1

I'm writing a Java program that reads from an Apache Kafka data stream. The messages are Avro serialized. Each message contains a single Avro-serialized record. The package io.confluent.kafka.serializers.KafkAvroDeserializer is not available on my development platform; if it were, then it would be a simple matter of setting the property "value.deserializer" to the proper setting (KafkaAvroDeserializer.class) for Avro deserialization. Therefore, I need to write my own deserializer. All I've found online has been about how to serialize records, write them to a file using a specified Avro schema, and then how to read and DEserialize the written records. The Java Parsers library, as far as I can tell, doesn't provide much help as it assumes that the program receives the data in UNserialized form, then gives the necessary object methods to serialize it, then the necessary methods to DEserialize it.

So, my question is this: how do I deserialize an Avro-formatted record in Java? Just a single record. I have the serialized record. I have the Avro schema. I don't need to append it a serializable file. I simply need to deserialize that record. I can't believe this hasn't been done before, but I've literally found nothing about it online. Can anybody help me on this?

Thank you in advance.

I've tried using Java Parsers library, various Kafka Avro "value.deserializer" property setting, differnet packages in my Eclipse pom.xml file. All to no avail.

There's GOT to be a simple way of deserializing a single Avro record by providing the necessary schema (which I've got).

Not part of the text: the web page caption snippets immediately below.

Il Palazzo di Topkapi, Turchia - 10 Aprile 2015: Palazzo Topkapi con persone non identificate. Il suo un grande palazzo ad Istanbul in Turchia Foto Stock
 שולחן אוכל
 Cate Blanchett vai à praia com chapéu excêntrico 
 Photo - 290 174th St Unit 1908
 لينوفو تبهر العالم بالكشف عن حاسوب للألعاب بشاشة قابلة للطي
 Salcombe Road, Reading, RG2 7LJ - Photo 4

  • The link sent does NOT answer my question; I'd seen that link a number of times perviously. It shows how to SERIALIZE objects to a file, then DESERIALIZE by reading from that file. I specifically stated that that's NOT what I need to do. I need to simply take an already-serialized that's NOT in a file, and deserialize it. – Stuart Odom Mar 20 '23 at 16:49
  • There is one file. An AVSC file. Using a Schema is a requirement to use Avro. You can also hard-code the schema in a `String` and use `Schema.Parser`.... The rest is coming from Avro `byte[]` data already in Kafka, not any "files" – OneCricketeer Mar 20 '23 at 19:11
  • Maybe you can edit your question to clarify what exactly you tried as a [mcve]? Otherwise, we can only speculate what your actual problem is. – OneCricketeer Mar 20 '23 at 19:14
  • Are your messages coming from an environment with the Confluent Schema Registry? If yes - take a look at this [answer](https://stackoverflow.com/a/31206063/355438). It reveals the structure of such messages that were serialized using Confluent's `KafkaAvroSerializer`. Also, you may take a look at the alternative implementation of this format: https://github.com/LinkedInAttic/camus/tree/master/camus-kafka-coders/src/main/java/com/linkedin/camus/etl/kafka/coders – Ilya Serbis Apr 13 '23 at 21:25
  • If you control serialization by yourself, then you can utilize an approach without Confluent Schema Registry: https://stackoverflow.com/questions/47268010/avro-serializer-and-deserializer-with-kafka-java-api – Ilya Serbis Apr 13 '23 at 21:33

1 Answers1

0

It has been done before. The Avro documentation (and/or JavaDoc) covers exactly what you need, which is the BinaryDecoder class.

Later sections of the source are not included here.